Monday 18 February 2013

The Prevention of Money Laundering Act, 2002


The Prevention of Money Laundering Act, 2002
• The Act states that an offence of money laundering has been committed if a person is a
party to any process connected with the proceeds of crime and projects such proceeds as
untainted property. “Proceeds of crime” means any property obtained by a person as a
result of criminal activity related to certain offences listed in the schedule to the Act. A
person can be charged with the offence of money laundering only if he has been charged
with committing a scheduled offence.
• The penalty for committing the offence of money laundering is rigorous imprisonment
for three to seven years and a fine of upto Rs 5 lakh.

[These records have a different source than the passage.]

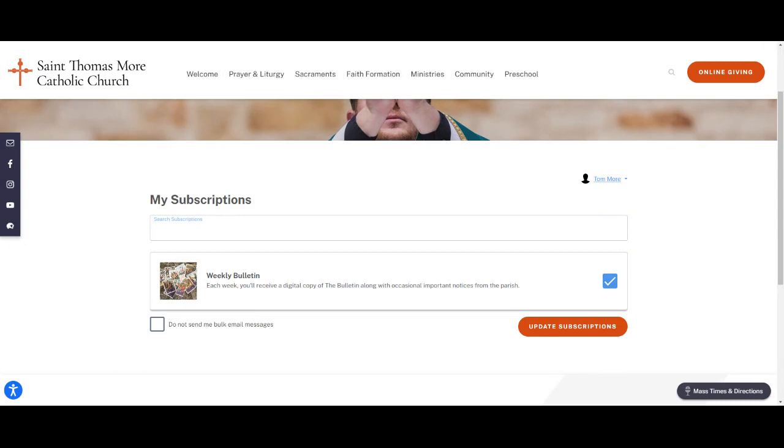This is super simple. Again, right now we have a very limited number of subscriptions, but soon this will grow and you'll have the ability to get the content that you're looking for. Hope this helps.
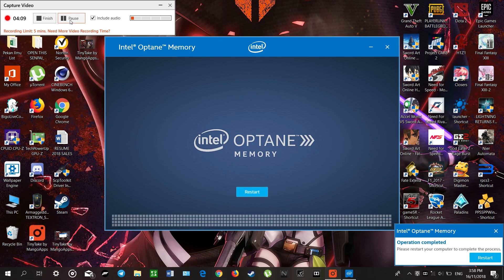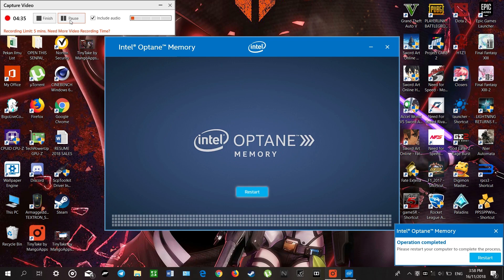Operation completed. We will need to restart our computer to use the Intel Optane memory.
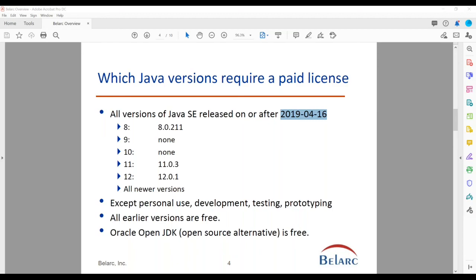There's one more question from Peter: where can you buy the license, and is there a list of authorized resellers? Yes, there is a list on Oracle's site. We can follow up at the end of the session — someone will get your email address, and we can send you that link. There is a large list of authorized resellers for Java, and there is also a price sheet, so you can get both.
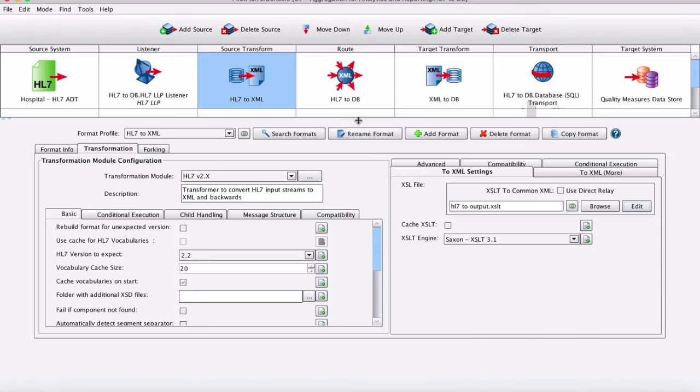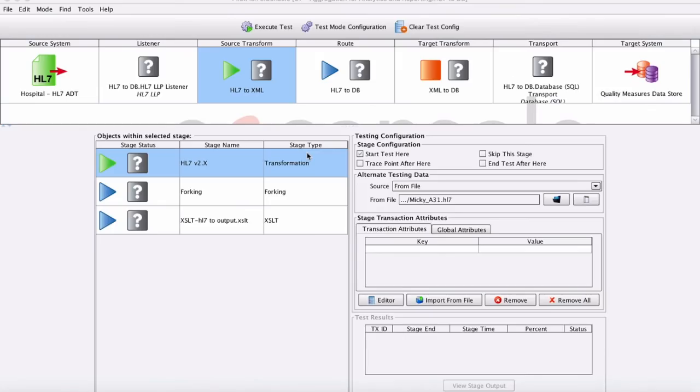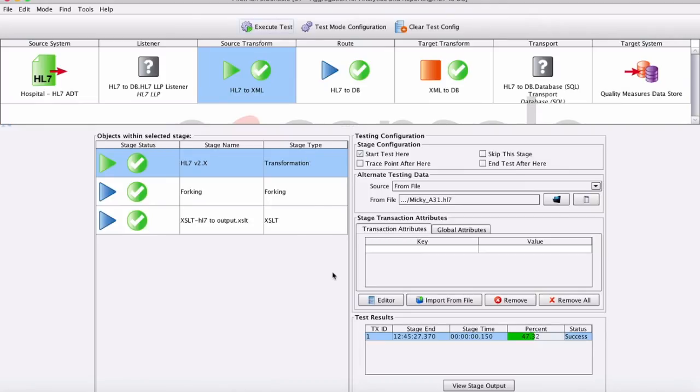When configuration and mapping are complete, test your interface. Test any stage or the entire process from end to end. View the data at each and every point along the way.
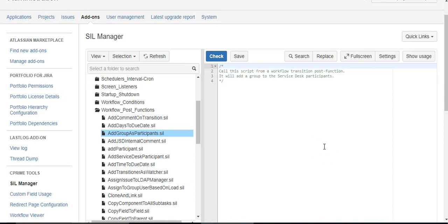Today we're going to look at how we can extend Jira Service Desk with Power Scripts from C Prime. What we're trying to do is add a group of users to the participants automatically when the issue is created, and we're going to do that as part of a workflow function.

If a person is convicted of an
offence under the Narcotics Drugs and Psychotropic Substances Act, 1985 the term of
imprisonment can extend upto 10 years.
• The Adjudicating Authority, appointed by the central government, shall decide whether
any of the property attached or seized is involved in money laundering. An Appellate
Tribunal shall hear appeals against the orders of the Adjudicating Authority and any other
authority under the Act.
• Every banking company, financial institution and intermediary shall maintain a record of
all transactions of a specified nature and value, and verify and maintain records of all its
customers, and furnish such information to the specified authorities.